Opening Remarks

On behalf of the Public Company Accounting Oversight Board, welcome to today’s roundtable.

The Board and staff of PCAOB have been actively monitoring the implementation of the internal control reporting requirements of the Sarbanes-Oxley Act, and this roundtable is an important aspect of our information gathering.

We expect the panelists will share their experiences with the internal control requirements – the nitty gritty that doesn’t always come across in the surveys that we have seen.

In that sense, this roundtable is much like the congressional testimony that Chairman Cox and I are familiar with from our days – our years, actually – in the House of Representatives.

Like the testimony that we heard from congressional witnesses, what we hear today will give us guidance for adjusting and improving the rules that govern the assessment of internal control by auditors and management.

After last year’s roundtable, the SEC and PCAOB both made mid-course corrections with respect to reporting on and the auditing of internal controls. Without prejudging anything we’ll hear today, based on the information we already have, it would seem that some further changes may be in order.

The SEC, of course, writes the rules and oversees the implementation of companies’ responsibilities for assessing and reporting on internal control. PCAOB writes the standards for and oversees the implementation of the auditors’ responsibilities with regard to internal control.

Section 404, along with the SEC’s implementing rules and the PCAOB auditing standard – Auditing Standard No. 2, or AS 2 – won’t, by themselves, drive all the necessary improvements in financial reporting.
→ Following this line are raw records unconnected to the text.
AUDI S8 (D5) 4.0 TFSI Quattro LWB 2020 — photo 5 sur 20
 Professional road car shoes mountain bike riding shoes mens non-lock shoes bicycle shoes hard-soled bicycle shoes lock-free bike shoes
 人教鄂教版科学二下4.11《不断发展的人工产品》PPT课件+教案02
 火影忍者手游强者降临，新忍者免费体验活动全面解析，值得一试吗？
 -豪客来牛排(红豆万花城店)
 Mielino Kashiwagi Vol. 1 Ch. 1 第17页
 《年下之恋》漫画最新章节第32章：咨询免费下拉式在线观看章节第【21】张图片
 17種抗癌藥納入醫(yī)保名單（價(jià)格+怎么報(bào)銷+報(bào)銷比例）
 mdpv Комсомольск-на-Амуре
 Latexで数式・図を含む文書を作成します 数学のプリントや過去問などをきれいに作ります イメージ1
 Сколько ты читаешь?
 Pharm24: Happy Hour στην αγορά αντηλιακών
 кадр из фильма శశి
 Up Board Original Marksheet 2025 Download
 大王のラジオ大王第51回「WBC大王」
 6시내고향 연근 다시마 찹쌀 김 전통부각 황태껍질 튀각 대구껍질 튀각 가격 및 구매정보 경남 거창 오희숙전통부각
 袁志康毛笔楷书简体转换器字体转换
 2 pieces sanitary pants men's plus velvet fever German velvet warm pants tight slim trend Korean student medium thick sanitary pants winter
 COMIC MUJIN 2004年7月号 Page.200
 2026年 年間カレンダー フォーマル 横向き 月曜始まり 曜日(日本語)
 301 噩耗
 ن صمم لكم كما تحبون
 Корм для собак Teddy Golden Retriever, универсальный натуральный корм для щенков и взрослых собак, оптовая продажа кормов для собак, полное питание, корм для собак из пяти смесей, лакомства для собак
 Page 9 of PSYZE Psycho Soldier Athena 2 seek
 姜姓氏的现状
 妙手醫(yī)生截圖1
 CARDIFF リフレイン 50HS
It is important to keep in mind that public companies, by their very nature, have special responsibilities to their owners-investors. Indeed, the Sarbanes-Oxley Act recognizes this by stating in its preamble that it is “an Act to protect investors by improving the accuracy and reliability of corporate disclosures….”

In furtherance of this goal, Congress was quite explicit when it mandated, in Section 404 of the Act, specific requirements for companies and their external auditors with respect to internal control over financial reporting. Yet, at the same time, Congress gave PCAOB and the SEC considerable flexibility for determining how to implement these requirements. Indeed, both Senator Sarbanes and Chairman Oxley have stressed this flexibility repeatedly.

My Board colleagues and I have always had flexibility in mind when dealing with AS 2. From the time we voted to adopt it, we’ve emphasized that the application of significant auditor professional judgment is an essential part of the standard. My sense is that auditors as well as management of public companies should exercise even more judgment as they look to the third year of implementing the internal control requirements.

My fellow Board members and I at PCAOB are particularly concerned about small audit firms that have yet to perform internal control audits. We hope to encourage these firms to continue auditing public companies by helping them prepare to implement AS 2. I believe we will succeed if we can communicate to them that AS 2 is not only flexible, but scalable, and the standard can only be properly implemented by exercising good, sound, professional judgment. A key part of any actions we take must address implementation of AS 2 in the internal control audits of smaller public companies.

PCAOB is uniquely positioned to understand how well auditors are fulfilling their responsibilities through our inspections of registered public accounting firms.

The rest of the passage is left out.